I tried to go back and reference the first time I heard the term “wife-saver”.  It was from my much-loved “Best of Bridge” cookbook series.  And I say tried because these cook books have been used so thoroughly over the years, that the front cover of this one (which would have included the date of publishing) is long gone.  Suffice it to say, that it was when my kids were babies and my oldest just turned 26. 

So we can safely establish that roles have changed.  But in this particular case the adage is an accurate one.  Sister #2 holds down one of those all-consuming jobs that makes weekends at the cottage particularly precious.  A time when she can sleep in, walk with the dogs, read, nap and rejuvenate for the weekdays ahead.  And so it is, that on weekends (especially long weekends), when she is assigned to the preparation of breakfasts for a gang, she dips into her “wife-saving” repertoire.

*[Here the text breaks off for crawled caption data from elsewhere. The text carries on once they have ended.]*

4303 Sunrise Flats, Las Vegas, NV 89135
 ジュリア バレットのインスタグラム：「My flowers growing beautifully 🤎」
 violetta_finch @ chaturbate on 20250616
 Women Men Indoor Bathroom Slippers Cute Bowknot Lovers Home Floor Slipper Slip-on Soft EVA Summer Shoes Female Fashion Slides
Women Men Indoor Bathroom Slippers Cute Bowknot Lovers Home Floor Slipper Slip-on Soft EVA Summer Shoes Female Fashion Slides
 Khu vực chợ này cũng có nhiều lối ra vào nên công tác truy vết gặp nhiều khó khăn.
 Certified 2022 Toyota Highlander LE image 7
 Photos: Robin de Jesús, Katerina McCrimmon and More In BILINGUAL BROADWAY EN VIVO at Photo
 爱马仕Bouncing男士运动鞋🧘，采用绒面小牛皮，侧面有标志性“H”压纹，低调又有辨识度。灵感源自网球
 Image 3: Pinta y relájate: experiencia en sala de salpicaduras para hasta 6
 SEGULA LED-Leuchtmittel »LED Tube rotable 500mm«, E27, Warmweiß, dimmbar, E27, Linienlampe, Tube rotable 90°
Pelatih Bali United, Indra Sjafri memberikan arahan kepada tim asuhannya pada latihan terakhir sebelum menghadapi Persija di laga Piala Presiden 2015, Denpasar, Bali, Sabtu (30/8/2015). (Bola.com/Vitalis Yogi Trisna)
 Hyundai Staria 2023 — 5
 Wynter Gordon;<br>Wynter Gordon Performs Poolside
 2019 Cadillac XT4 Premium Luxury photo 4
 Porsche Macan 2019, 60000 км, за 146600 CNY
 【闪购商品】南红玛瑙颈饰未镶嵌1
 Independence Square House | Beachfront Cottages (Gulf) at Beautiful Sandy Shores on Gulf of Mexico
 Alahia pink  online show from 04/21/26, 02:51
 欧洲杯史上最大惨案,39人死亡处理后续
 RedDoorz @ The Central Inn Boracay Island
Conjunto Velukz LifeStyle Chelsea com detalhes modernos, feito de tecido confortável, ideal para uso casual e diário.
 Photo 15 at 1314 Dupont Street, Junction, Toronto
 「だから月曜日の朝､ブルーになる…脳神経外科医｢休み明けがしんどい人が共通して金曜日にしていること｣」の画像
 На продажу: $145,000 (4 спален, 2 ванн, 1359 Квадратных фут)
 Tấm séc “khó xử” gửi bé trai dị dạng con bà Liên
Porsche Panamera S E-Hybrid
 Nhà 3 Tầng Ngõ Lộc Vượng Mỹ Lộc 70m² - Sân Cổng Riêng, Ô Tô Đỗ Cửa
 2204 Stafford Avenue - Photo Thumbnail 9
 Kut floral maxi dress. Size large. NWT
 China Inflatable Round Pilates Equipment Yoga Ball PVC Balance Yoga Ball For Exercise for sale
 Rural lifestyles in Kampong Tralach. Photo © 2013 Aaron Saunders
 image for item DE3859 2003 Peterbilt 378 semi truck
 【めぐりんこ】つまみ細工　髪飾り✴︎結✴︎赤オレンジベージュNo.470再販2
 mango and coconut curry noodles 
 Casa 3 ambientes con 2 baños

Don’t know what this was called, but it was satisfying and delicious.  Some of our gang took left over squares that they could eat on the run without reheating.

8 hash brown patties

2 cups of shaved ham (or chunks of leftover baked ham)

1 c milk

1/2 t dry mustard

4 c grated cheddar

7 eggs

1/2 t salt

Assemble a double layer of hash brown patties in appropriately sized pan.  Place ham on top.  Mix all other ingredients together and pour over top.  Cover and bake for 1 hour at 375 degrees.  Uncover and bake 15 minutes more.

Prepare for a sweet fix with this dish.  Don’t know the official name for it either but describe it as a “Pecan Carmel French Toast”.

1 c brown sugar

1/2 c butter

2 T corn syrup

1 c pecans, loosely chopped

12 slices of multi-grain bread

6 eggs

1 1/2 c milk

1 t vanilla

1 t cinnamon

1/4 t salt

Caramel sauce

1/2 c brown sugar

1/4 c butter

1 T corn syrup

To make this decadent dish even more so-we browned up split pork sausages to serve alongside

Combine sugar, butter, syrup.  Cook on med heat until sugar dissolves and it thickens.  Pour 1/2 sauce into 9 x 13 baking dish.  Place 6 slices of bread on top and then pecans.  Repeat.  Mix eggs, milk, spices.  Pour over bread.  Cover and refidgerate,  Bake 40-45 minutes at 350 degrees.  Make caramel sauce and pour over at table or when serving. 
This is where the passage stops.